No.47「即乾ハンガー」:デジタルツール時代のWebコンペという特徴からは、やや外れるところもあるかと思うが、何気ない日用品のハンガーにテクノロジーを使用せず自然現象の効果を利用して、乾燥速度を速めようとした所に共感する。できるならはモデルでの効果検証などで性能を掘り下げてみたいところだ。デザイン的には線材終端部の仕上げや曲げ方に、もうひとつ工夫が欲しいと思う。製品化は簡単だろうが、商品化を考えるとかなり流通面でハードルが高そうだと思う。

No.64「TOMARIGI」:市場に似たものはいくつかある。しかし枝や幹の構成が大きくデザインファクターに左右されることを思うと、枝のデフォルメの工夫がよりリアルさを出していると思う。機能的にもその影響は大きく、視覚的形状が引っかけるなどの行為にアフォーダンスしている点を評価したい。
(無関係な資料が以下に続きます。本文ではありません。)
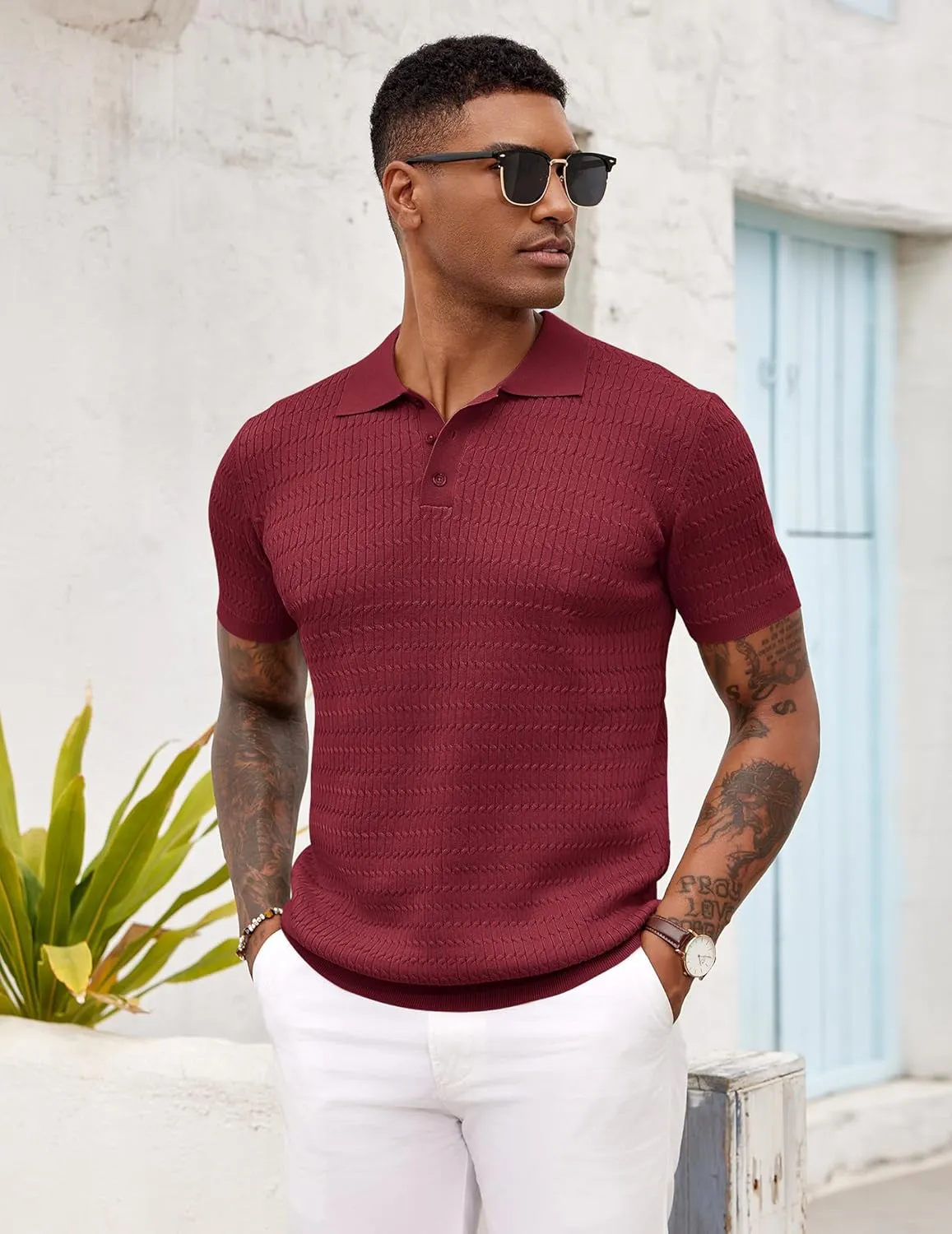 COOFANDY Mens Knit Polo Shirt Short Sleeve Vintage Textured Casual Golf Shirts Summer Beach Top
商品性としては具現化できる可能性はあるが、類似表品とのある種の差別化が必要だろう。また、おそらく製品化したときの値頃感とコストのバランスもやや難しさを感じる。

芝 幹夫
私が選んだ作品は、No.36「TOWEL MAN」、No.57「source」、No.110「PINnoKI」、以上3作品です。

デザインの良し悪しを決める場合の最も根本的な基準としては、論理性と感性の一致が感じられるかということではないかと思います。人間の頭脳の中でこの2つの事象は右と左として相反することが多いものですが、良いデザインに遭遇すると頭の中がスキッリとした気分になるものです。そのような基準で選考しました。
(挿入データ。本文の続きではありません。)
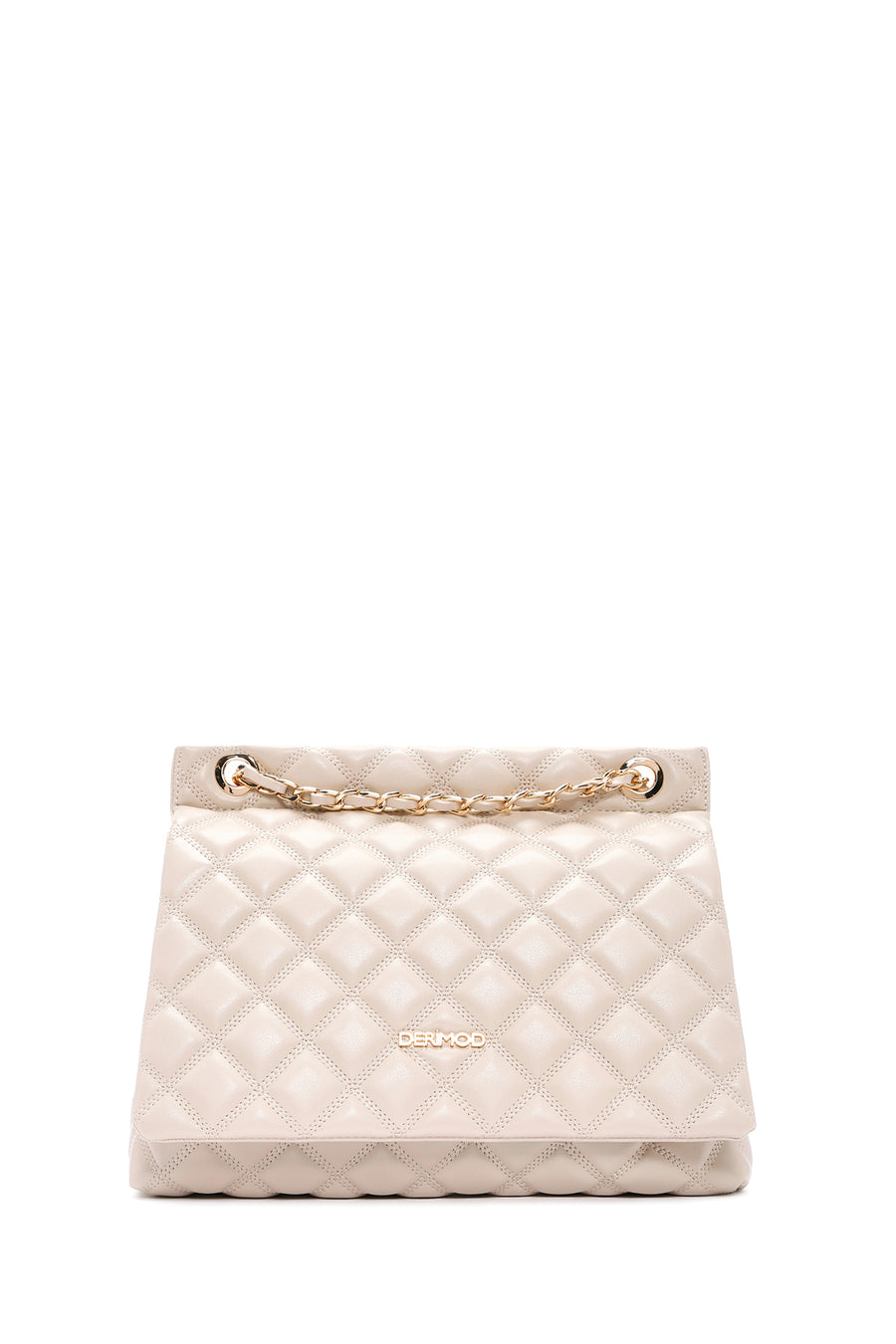 Women's Beige Long Strap Quilted Shoulder Bag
そういった意味では論理性に訴える部分として、考えた背景とか、どういった場面を想定したかとか、文章による説明が全体的に少し足りなかった気がしています。

「TOWEL MAN」と「PINnoKI」には作品に込められたユーモアとリアリティに、「source」はデザインとしては不完全ですが、昔トイレの手洗いによく見かけられた、水の出口の直下にハンドルがある水栓金具を思い出し、新たなトライをしてみたくなる気分にさせられた点を評価しました。確かに小さな穴のあいた球状のハンドルは水質によっては、変色または詰まりを起こす可能性がありますが、水質のバロメータとして捉えれば面白いかもしれません。

中林鉄太郎
No.118「Wood Clock」:書店でのビジネス書関連の棚には「ライフハック」や「仕事術」といったフレーズを用いたタイトルが多い昨今。「時間管理」というテーマは、それらの基本だ。問題解決への手法においても、著者独自の経験に基づいたノウハウとして、ツールの種類は問わず紹介されていたりする。南さんの「Wood Clock」は、そういう時代の空気感を、さりげない手法と着眼点で、現代のインテリアとも調和するカタチとフィニッシュで届けてくれた。子供の頃に書いた円グラフのような夏休みの予定表。そこでは塗りつぶしていた「キープしなければいけない時間帯」を、1時間単位のピースの反転で予定をブロックさせる…というのは、目と手の両方で意識付けできるという意味でもスマートなアイデアで共感した。デスククロックの展開も可能性がある。

No.63「WATAGE」:形とサイズが適していて、重量も手頃であれば、ペーパーウエイトの機能は果たしてしまう。あるシーンで成立する人とモノとの関係を見ると、日常的にはこういうラフなつながりが多かったりする。1枚のメモが風で飛ばないように…と、モノの「ある状態」を一時的に「保持(HOLD)」するための「小さな重石」は、モノのためというよりは、「意識すること」への重石なのだ。西村さんの「WATAGE」は、そういう「重石」の意味に綿毛が生えている。外出先から戻った机の上に「WATAGE」が置かれていて、その揺れる根本にはメモが押さえられているシーンが想像できた。メモを置いてくれた人の「心遣い」が、空中で揺れる「綿毛」のさりげなさとシンクロする。「キモチのカタチ」…そんな言葉が浮かんできて共感できた作品。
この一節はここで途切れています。